February 26th, 2024

Detector dogs could help sniff out more fentanyl, firearms at border, review suggests

By The Canadian Press on January 1, 2024.

Detector dogs who work at Canada's border agency could play a bigger role in sniffing out deadly fentanyl and illicit firearms, suggests an internal evaluation that found room to boost enforcement measures. A border services officer watches his dog sniff through shipping boxes at a Canada Border Services Agency warehouse, Tuesday, April 21, 2009 in Montreal. THE CANADIAN PRESS/Paul Chiasson

OTTAWA – An internal evaluation by Canada’s border agency suggests its detector dogs could play a bigger role in sniffing out deadly fentanyl and illicit firearms.

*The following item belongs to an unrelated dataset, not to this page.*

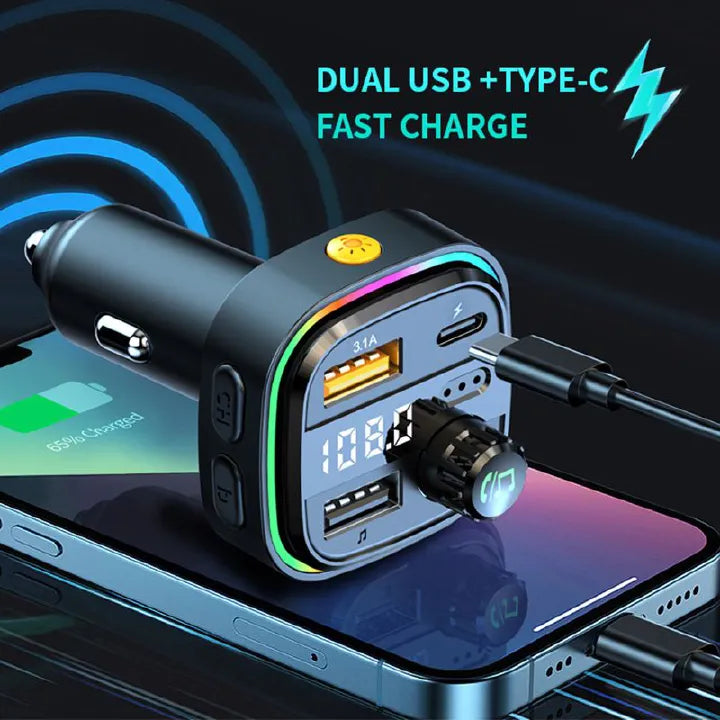 Colorful Breathing Light Bluetooth Car FM Transmitter 20W PD Fast Charger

The agency has dozens of canines trained to detect smuggled currency, drugs, guns, and food, plant and animal products.

A recently published evaluation found the detector dog service helped reduce threats by effectively intercepting such regulated and prohibited goods at the border.

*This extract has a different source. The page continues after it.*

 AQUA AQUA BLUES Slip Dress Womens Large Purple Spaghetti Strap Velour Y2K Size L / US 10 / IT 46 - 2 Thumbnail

But it says the program had a limited role in helping detect smuggled firearms.

In addition, some dog handlers and their managers saw a need to train more canines to intercept fentanyl and precursor chemicals used to make such drugs.

The evaluation report recommends further review of the detector dog program and allocation of resources to determine how the animals could be best used for enforcement.